It was late August 1992. The rains had failed. It was normally a time of gramma grass, daisies and verbena. This year, our valley was brown under a pale sky. It would be a bad winter for anything that depended on the range lands.

At about 10:00 AM, the phone rang . It was Dorothy Stender. "Have you seen these ads for orphan foals? I want to buy one for Diana."

The Stenders lived half a mile north of us on twenty acres. Their herd of dairy goats gave them more milk than they knew what to do with. "Sounds great. A foal would love all that milk."

"Will you help me pick one out?"

Of course I would. Not that I knew much, but what the heck.

I figured one reason Dorothy wanted my help was her fear of horses. Two years before, a rental horse had thrown her. She took months to recover from the concussion.

Diana, however, adored our Coquetta. Now she wanted her own horse. Maybe if they started with a foal, her mom could get over her fear by stages.

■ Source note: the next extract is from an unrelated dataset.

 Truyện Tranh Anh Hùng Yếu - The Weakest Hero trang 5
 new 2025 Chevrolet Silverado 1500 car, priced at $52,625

"There's an ad for a $150 filly," Dorothy continued. "I called the number and we can come out now to see her."

My daughters Valerie and Virginia, their friend Andi Wulfekuhle (who was as usual hanging out at our place), and I dropped everything and ran outside to meet Dorothy. She pulled up in her battered black Ford Escort. With her were sister Mildred, Diana, and Dorothy's new baby. We all crammed in like clowns in a circus stunt.

The Escort rattled over an assortment of washboard dirt roads and pavement toward the south end of the Estancia Valley. People in passing cars stared at our sardine-tight arrangement. We giggled and waved. On rural roads in our valley, people usually waved, but it's normally a really restrained wave, just a slight raising of one hand. Today, however, people were making broad happy waves at us.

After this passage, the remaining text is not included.